* **Task prompt**
Transcribe the listing below only from the line with "Toyo Proxes TR1 305/30 R20 103Y" up to and including the line with "AliExpress Lite أيقونة".
□ □ □ □ □
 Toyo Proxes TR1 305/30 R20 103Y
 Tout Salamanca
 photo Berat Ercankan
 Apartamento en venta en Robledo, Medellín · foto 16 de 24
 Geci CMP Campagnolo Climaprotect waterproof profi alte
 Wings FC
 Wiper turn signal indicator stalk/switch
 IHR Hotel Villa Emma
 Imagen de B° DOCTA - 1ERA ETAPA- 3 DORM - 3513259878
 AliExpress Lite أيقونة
□ □ □ □ □
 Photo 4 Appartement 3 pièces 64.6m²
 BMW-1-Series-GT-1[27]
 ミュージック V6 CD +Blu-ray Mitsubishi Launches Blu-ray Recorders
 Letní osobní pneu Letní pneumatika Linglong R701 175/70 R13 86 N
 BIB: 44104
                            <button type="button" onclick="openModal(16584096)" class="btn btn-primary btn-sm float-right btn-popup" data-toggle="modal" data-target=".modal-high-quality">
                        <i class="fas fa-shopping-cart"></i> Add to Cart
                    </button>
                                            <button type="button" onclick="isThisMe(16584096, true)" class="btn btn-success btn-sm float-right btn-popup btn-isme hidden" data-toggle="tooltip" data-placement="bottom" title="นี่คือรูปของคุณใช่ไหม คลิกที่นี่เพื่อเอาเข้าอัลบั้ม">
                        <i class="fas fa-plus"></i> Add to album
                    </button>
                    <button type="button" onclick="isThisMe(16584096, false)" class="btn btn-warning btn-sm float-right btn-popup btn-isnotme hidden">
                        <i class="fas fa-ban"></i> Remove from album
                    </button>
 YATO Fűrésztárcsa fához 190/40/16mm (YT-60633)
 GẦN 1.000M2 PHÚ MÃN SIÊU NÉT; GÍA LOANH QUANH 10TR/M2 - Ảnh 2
□ □ □ □ □
* **Response to the task**
 Toyo Proxes TR1 305/30 R20 103Y
 Tout Salamanca
 photo Berat Ercankan
 Apartamento en venta en Robledo, Medellín · foto 16 de 24
 Geci CMP Campagnolo Climaprotect waterproof profi alte
 Wings FC
 Wiper turn signal indicator stalk/switch
 IHR Hotel Villa Emma
 Imagen de B° DOCTA - 1ERA ETAPA- 3 DORM - 3513259878
 AliExpress Lite أيقونة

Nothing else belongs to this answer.